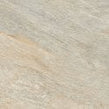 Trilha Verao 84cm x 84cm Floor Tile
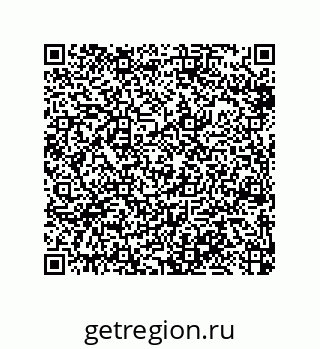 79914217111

...

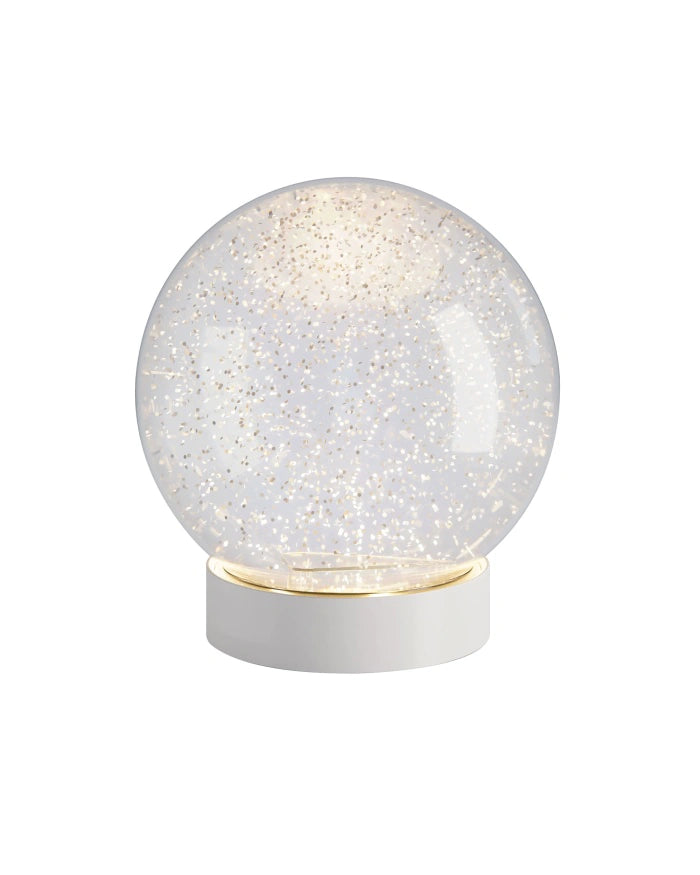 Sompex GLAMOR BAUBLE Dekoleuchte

==

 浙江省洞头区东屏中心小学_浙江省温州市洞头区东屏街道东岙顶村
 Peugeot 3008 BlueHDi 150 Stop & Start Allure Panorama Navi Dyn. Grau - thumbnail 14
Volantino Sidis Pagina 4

## TASK INSTRUCTIONS
Out of the data above, give again only the lines starting at the one holding "浙江省洞头区东屏中心小学_浙江省温州市洞头区东屏街道东岙顶村" and ending at the one holding "Volantino Sidis Pagina 4", unchanged.

## THE COMPLETED TASK
 浙江省洞头区东屏中心小学_浙江省温州市洞头区东屏街道东岙顶村
 Peugeot 3008 BlueHDi 150 Stop & Start Allure Panorama Navi Dyn. Grau - thumbnail 14
Volantino Sidis Pagina 4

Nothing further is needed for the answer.